Understanding the Method of Moments in Estimators

Aug 7, 2024

Lecture Notes: Method of Moments in Estimators

Recap of Previous Lecture

  • Discussed characteristics of estimators:
    • Bias
    • Variance
    • Squared error risk (mean squared error)
  • Explored how to calculate these using probability and properties of IID samples.

Introduction to Design of Estimators

  • Focus on the design of estimators using the Method of Moments.

Understanding Parameters and Moments

  • Given a random variable X distributed according to a function (pdf/pmf), parameters (e.g., θ₁, θ₂) are unknown.
  • Moments are calculated from the distribution:
    • Expected value (E[X]), E[X²], etc.
  • Examples of distributions and their moments:
    • Bernoulli(p): E[X] = p
    • Poisson(λ): E[X] = λ
    • Exponential(λ): E[X] = 1/λ
    • Normal(μ, σ²): E[X] = μ, E[X²] = μ² + σ²
    • Gamma(α, β): E[X] = α/β, E[X²] = α²/β² + α/β²

Sample Moments

  • Given n IID samples, the sample moment Mₖ is:
    • Mₖ = (1/n) Σ(Xᵢᵏ) for k = 1, 2, ...
  • Sample moments are random variables and vary with different samples.
  • Central Limit Theorem and Weak Law of Large Numbers justify similarity between sample moments and distribution moments.

Method of Moments Procedure

  • Equate sample moments to distribution moments:
    • Solve for unknown parameters.
    • Usually, one moment is enough for one unknown parameter.
    • If the moment isn’t a function of the parameter, find another moment.

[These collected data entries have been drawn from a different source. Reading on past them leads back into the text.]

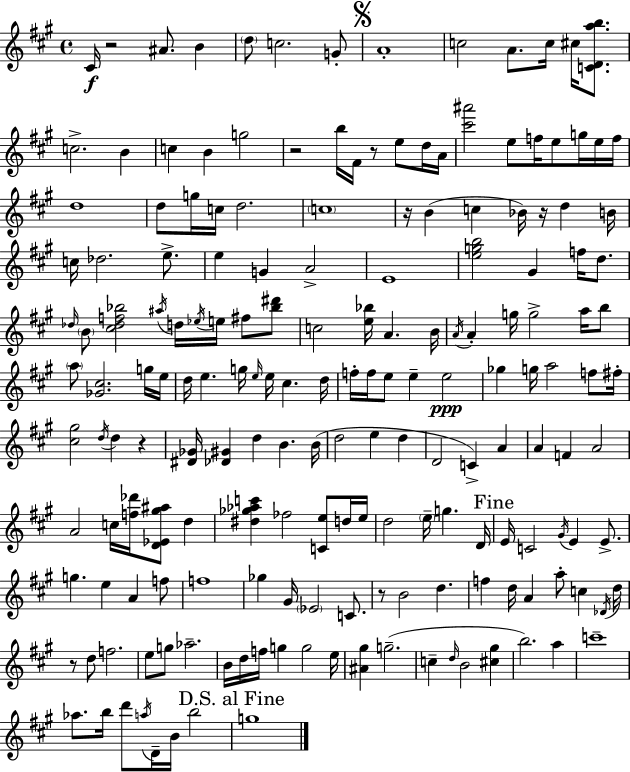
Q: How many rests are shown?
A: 8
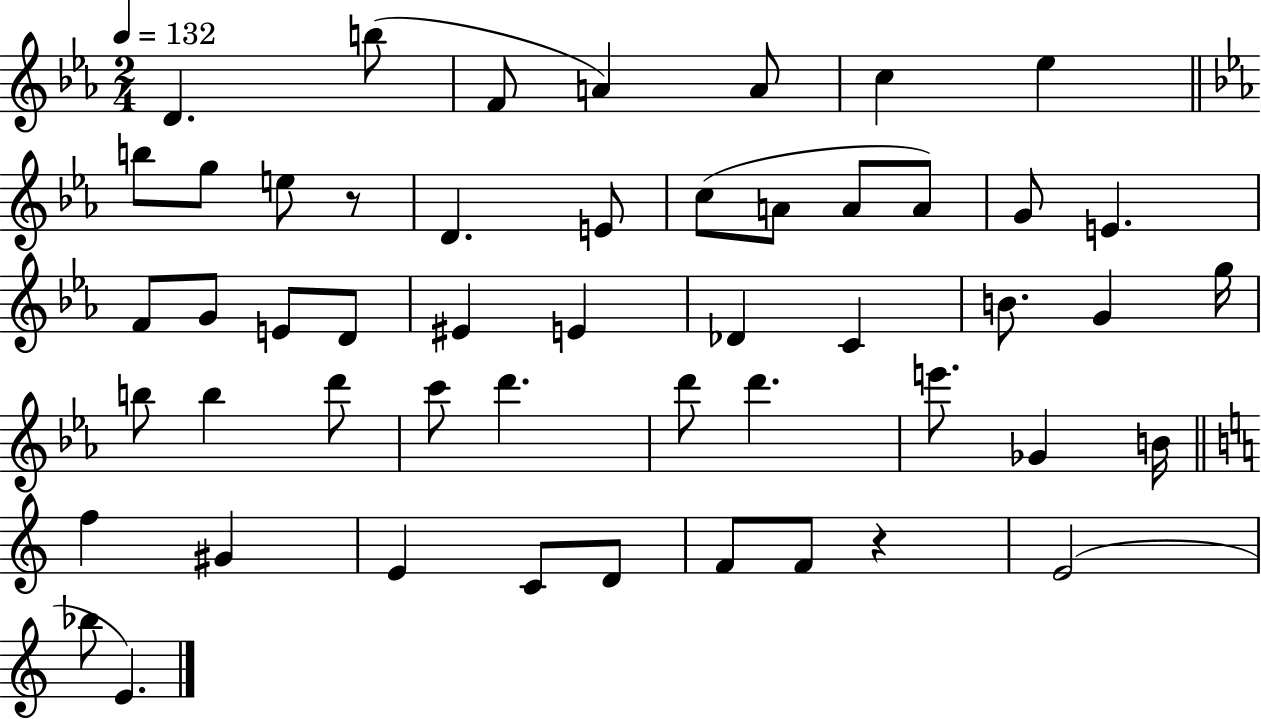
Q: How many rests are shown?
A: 2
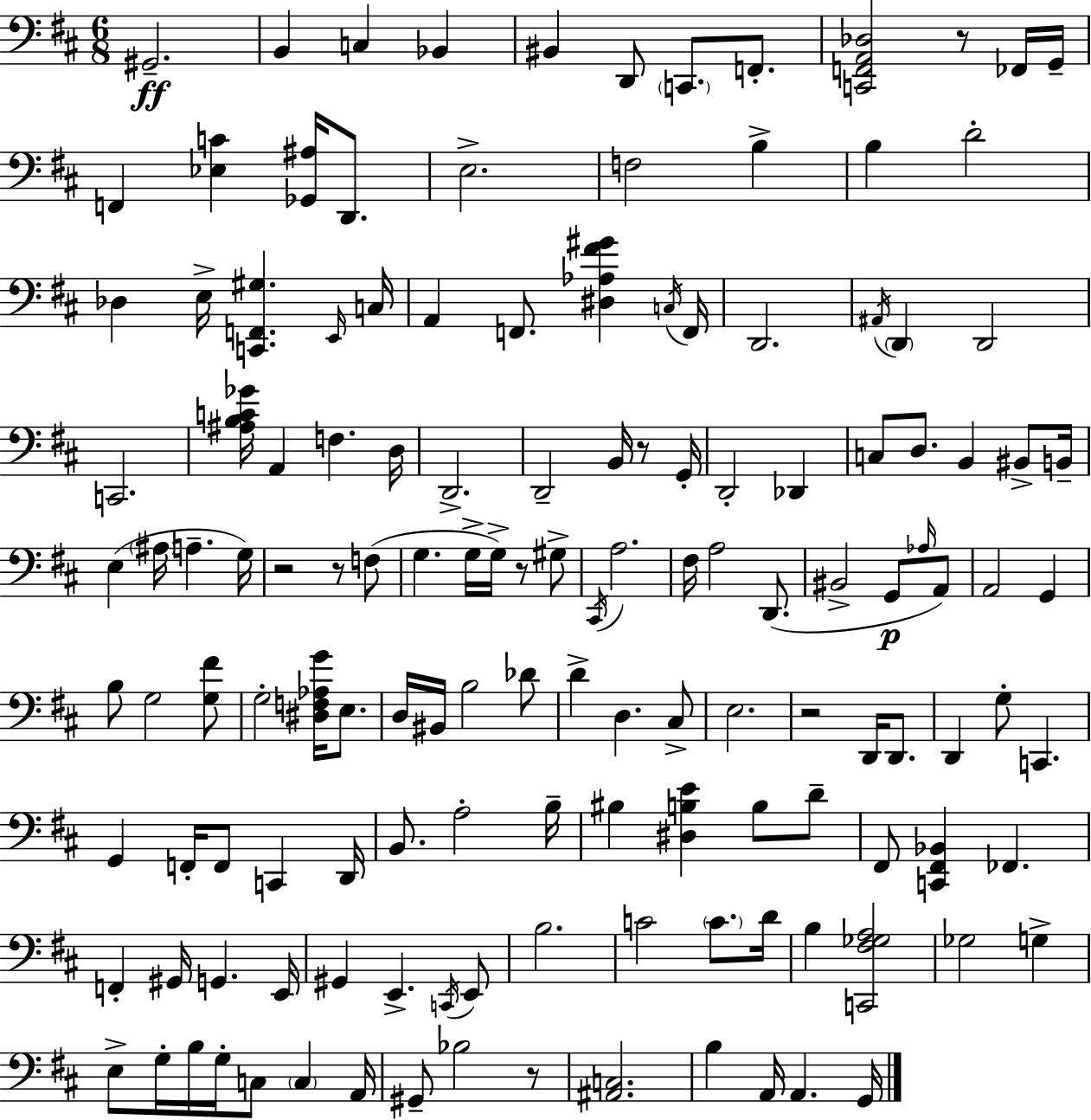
X:1
T:Untitled
M:6/8
L:1/4
K:D
^G,,2 B,, C, _B,, ^B,, D,,/2 C,,/2 F,,/2 [C,,F,,A,,_D,]2 z/2 _F,,/4 G,,/4 F,, [_E,C] [_G,,^A,]/4 D,,/2 E,2 F,2 B, B, D2 _D, E,/4 [C,,F,,^G,] E,,/4 C,/4 A,, F,,/2 [^D,_A,^F^G] C,/4 F,,/4 D,,2 ^A,,/4 D,, D,,2 C,,2 [^A,B,C_G]/4 A,, F, D,/4 D,,2 D,,2 B,,/4 z/2 G,,/4 D,,2 _D,, C,/2 D,/2 B,, ^B,,/2 B,,/4 E, ^A,/4 A, G,/4 z2 z/2 F,/2 G, G,/4 G,/4 z/2 ^G,/2 ^C,,/4 A,2 ^F,/4 A,2 D,,/2 ^B,,2 G,,/2 _A,/4 A,,/2 A,,2 G,, B,/2 G,2 [G,^F]/2 G,2 [^D,F,_A,G]/4 E,/2 D,/4 ^B,,/4 B,2 _D/2 D D, ^C,/2 E,2 z2 D,,/4 D,,/2 D,, G,/2 C,, G,, F,,/4 F,,/2 C,, D,,/4 B,,/2 A,2 B,/4 ^B, [^D,B,E] B,/2 D/2 ^F,,/2 [C,,^F,,_B,,] _F,, F,, ^G,,/4 G,, E,,/4 ^G,, E,, C,,/4 E,,/2 B,2 C2 C/2 D/4 B, [C,,^F,_G,A,]2 _G,2 G, E,/2 G,/4 B,/4 G,/4 C,/2 C, A,,/4 ^G,,/2 _B,2 z/2 [^A,,C,]2 B, A,,/4 A,, G,,/4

Examples of Method of Moments

  1. Bernoulli Distribution (p):

    • E[X] = p, thus p = M₁.
    • Estimator: p̂ = M₁ (sample mean).
  2. Poisson Distribution (λ):

    • E[X] = λ, thus λ = M₁.
    • Estimator: λ̂ = M₁ (sample mean).
  3. Exponential Distribution (λ):

    • E[X] = 1/λ, thus 1/λ = M₁ → λ = 1/M₁.
    • Estimator: λ̂ = 1/M₁.
  4. Normal Distribution (μ, σ²):

    • E[X] = μ, E[X²] = μ² + σ².
    • System of equations:
      • μ = M₁
      • σ² = M₂ - M₁².
    • Estimators: μ̂ = M₁, σ̂ = √(M₂ - M₁²).
  5. Gamma Distribution (α, β):

    • E[X] = α/β, E[X²] = α²/β² + α/β².
    • Equations:
      • α/β = M₁
      • α²/β² + α/β = M₂.
    • Solve for α and β:
      • Express β in terms of α and substitute.
    • Estimators: α̂ = (M₁²)/(M₂ - M₁²), β̂ = (M₁)/(M₂ - M₁²).
  6. Binomial Distribution (n, p):

    • E[X] = np, E[X²] = n²p² + np(1 - p).
    • Solve for n and p using sample moments M₁ and M₂.

Practical Applications

  • Calculating estimators from samples:
    • Example for Bernoulli: Count successes in samples.
    • Example for Poisson: Count events over intervals.
    • Example for Normal: Compute mean and variance from samples.

Conclusion

  • Method of Moments is a straightforward way to estimate parameters using sample data.
  • Next lecture will cover Maximum Likelihood Estimation.